*** Dataset extract ***
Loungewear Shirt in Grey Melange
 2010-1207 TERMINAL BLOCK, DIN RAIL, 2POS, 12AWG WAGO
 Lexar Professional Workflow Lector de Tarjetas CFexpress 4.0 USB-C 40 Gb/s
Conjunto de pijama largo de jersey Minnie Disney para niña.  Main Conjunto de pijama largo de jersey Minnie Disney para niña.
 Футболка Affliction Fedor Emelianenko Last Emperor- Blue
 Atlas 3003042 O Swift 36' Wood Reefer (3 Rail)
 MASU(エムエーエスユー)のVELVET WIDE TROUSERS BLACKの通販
***
Please reproduce the entire listing. Keep it identical.

Loungewear Shirt in Grey Melange
 2010-1207 TERMINAL BLOCK, DIN RAIL, 2POS, 12AWG WAGO
 Lexar Professional Workflow Lector de Tarjetas CFexpress 4.0 USB-C 40 Gb/s
Conjunto de pijama largo de jersey Minnie Disney para niña.  Main Conjunto de pijama largo de jersey Minnie Disney para niña.
 Футболка Affliction Fedor Emelianenko Last Emperor- Blue
 Atlas 3003042 O Swift 36' Wood Reefer (3 Rail)
 MASU(エムエーエスユー)のVELVET WIDE TROUSERS BLACKの通販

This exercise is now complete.